Macfarlane, Andrew. “New AI technology can write essays – even recipes.” 1News, 9 December 2022, https://www.1news.co.nz/2022/12/09/new-ai-technology-can-write-essays-even-recipes/. Accessed 12 December 2022.

Patel, Nisha. “Can the new AI tool ChatGPT replace human work? Judge for yourself.” CBC, 10 December 2022, https://www.cbc.ca/news/business/chatgpt-artificial-intelligence-1.6681401. Accessed 12 December 2022.

Vallance, Chris. “ChatGPT: New AI chatbot has everyone talking to it.” BBC, 7 December 2022, https://www.bbc.com/news/technology-63861322. Accessed 12 December 2022.

1 thought on “ChatGPT: Modern AI Technology Unlike Anything You’ve Seen Before

  1. As all CS students (and most who hang out on the 4th floor know), I am pretty far down the rabbit hole on ChatGPT.
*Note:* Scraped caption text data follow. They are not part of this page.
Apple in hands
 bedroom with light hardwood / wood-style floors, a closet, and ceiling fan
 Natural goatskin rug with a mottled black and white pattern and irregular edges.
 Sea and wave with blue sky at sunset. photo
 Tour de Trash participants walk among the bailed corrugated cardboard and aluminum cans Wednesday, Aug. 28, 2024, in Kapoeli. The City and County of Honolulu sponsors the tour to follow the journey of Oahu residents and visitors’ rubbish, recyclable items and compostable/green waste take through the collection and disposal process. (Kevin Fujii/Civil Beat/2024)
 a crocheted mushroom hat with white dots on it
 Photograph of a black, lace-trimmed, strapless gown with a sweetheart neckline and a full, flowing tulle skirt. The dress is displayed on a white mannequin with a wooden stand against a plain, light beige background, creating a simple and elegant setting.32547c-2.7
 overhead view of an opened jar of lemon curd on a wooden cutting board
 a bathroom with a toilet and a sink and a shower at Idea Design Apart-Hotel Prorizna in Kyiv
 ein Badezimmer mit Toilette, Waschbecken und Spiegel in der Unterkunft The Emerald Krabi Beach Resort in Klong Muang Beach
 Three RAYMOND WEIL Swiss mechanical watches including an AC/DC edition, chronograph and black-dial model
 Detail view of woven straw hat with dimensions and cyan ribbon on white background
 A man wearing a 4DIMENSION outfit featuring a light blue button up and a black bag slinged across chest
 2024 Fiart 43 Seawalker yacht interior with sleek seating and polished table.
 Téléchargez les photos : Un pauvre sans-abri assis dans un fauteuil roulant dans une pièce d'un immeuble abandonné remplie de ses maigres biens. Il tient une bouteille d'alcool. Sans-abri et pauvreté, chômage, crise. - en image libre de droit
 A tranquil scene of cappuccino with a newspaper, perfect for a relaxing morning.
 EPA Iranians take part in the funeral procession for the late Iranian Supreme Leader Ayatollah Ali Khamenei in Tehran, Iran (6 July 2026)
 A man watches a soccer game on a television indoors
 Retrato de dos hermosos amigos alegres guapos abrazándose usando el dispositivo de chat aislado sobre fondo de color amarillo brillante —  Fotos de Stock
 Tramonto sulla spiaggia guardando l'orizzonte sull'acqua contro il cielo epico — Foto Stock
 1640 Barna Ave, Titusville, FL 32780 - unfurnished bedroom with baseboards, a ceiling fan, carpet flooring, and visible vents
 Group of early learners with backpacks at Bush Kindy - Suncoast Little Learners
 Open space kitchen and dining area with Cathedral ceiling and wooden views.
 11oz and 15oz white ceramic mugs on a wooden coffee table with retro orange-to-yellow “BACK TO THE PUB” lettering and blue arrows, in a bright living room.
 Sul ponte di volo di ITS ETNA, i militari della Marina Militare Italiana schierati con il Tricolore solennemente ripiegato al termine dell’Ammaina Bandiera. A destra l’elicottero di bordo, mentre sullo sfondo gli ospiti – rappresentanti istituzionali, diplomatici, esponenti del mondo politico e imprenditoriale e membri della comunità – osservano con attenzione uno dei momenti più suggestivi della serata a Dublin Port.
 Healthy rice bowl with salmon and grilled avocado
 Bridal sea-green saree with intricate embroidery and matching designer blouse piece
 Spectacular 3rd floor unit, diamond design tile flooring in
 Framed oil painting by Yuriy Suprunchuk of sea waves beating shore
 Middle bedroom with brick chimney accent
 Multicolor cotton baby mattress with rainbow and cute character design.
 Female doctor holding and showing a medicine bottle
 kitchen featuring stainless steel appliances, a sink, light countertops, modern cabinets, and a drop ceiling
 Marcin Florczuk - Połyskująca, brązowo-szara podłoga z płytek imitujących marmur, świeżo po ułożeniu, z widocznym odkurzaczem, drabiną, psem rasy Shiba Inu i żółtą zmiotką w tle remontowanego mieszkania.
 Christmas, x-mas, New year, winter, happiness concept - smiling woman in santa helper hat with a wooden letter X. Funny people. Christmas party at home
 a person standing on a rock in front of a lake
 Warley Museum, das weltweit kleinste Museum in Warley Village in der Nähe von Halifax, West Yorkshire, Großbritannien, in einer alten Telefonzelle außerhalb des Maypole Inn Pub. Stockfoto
    If you’re interested in more details about OpenAI and Sam Altman’s vision of a future where “AI drives the marginal cost of some knowledge work to zero,” I highly reccomend this interview with Ezra Klien. The otiginal interview was BEFORE the public launch of ChatGPT, but Altman’s answers are looking several years BEYOND our current moment.

    Transcript here:
    https://www.nytimes.com/2021/06/11/podcasts/transcript-ezra-klein-interviews-sam-altman.html

    Podcast linked in transcript, or … you know.. wherever you get your podcast. All hail the last living bastion of RSS.